On the regularity of Ricci flows coming out of metric spaces

Abstract

We consider smooth, possibly incomplete, $n$-dimensional Ricci flows $(M,g(t){)}_{t\in (0,T)}$ with $\mathrm{Ric}(g(t))\ge -1$ and $|\mathrm{Rm}(g(t))|\le c/t$ for all $t\in (0,T)$ coming out of metric spaces $(M,d_0)$ in the sense that $(M,d(g(t)),x_0)\to (M,d_0,x_0)$ as $t\searrow 0$ in the pointed Gromov–Hausdorff sense.

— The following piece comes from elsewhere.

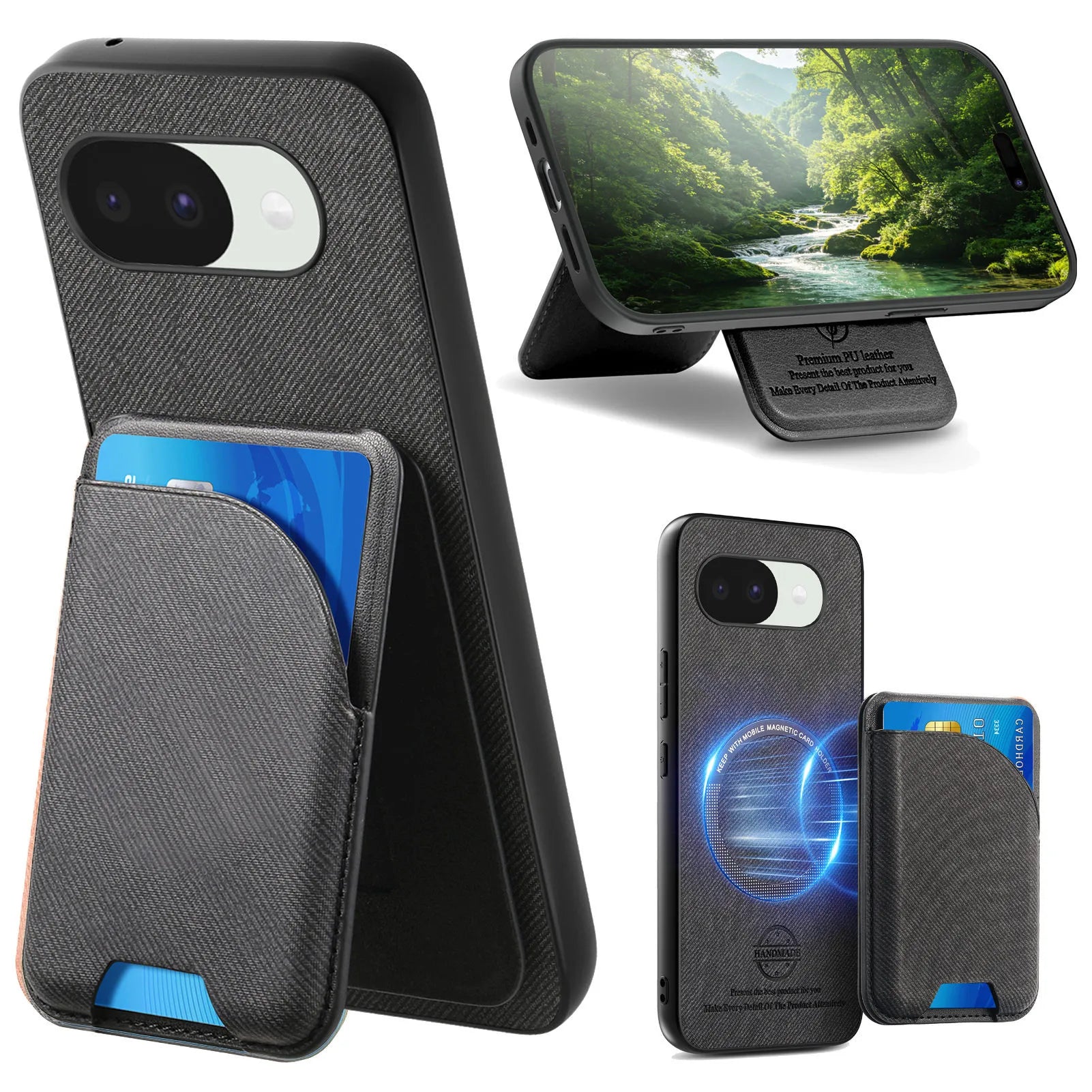 2 in 1 Detachable Cards Solt Wallet Stand Leather Case for Google Pixel 11 Pro XL 10A 9A Shockproof for Magsafe Slim Fit Cover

If $B_{g(t)}(x_0,1)⋐M$ for all $t\in (0,T)$ and $(B_{d_0}(x_0,1),d_0)$ can be isometrically and compactly embedded in a smooth $n$-dimensional Riemannian manifold $(\Omega ,d({\tilde{g}}_0))$, then we show using the Ricci-harmonic map heat flow that there is a corresponding smooth solution $(\tilde{g}(t){)}_{t\in (0,T)}$ to the $\delta$-Ricci–DeTurck flow on a Euclidean ball ${\mathbb{B}}_r(p_0)\subset {\mathbb{R}}^n$, for some small $0<r<1$, and $\tilde{g}(t)\to {\tilde{g}}_0$ smoothly as $t\to 0$. We further show that this implies that the original solution $g$ can be extended locally to a smooth solution defined up to time zero, in view of the method of Hamilton.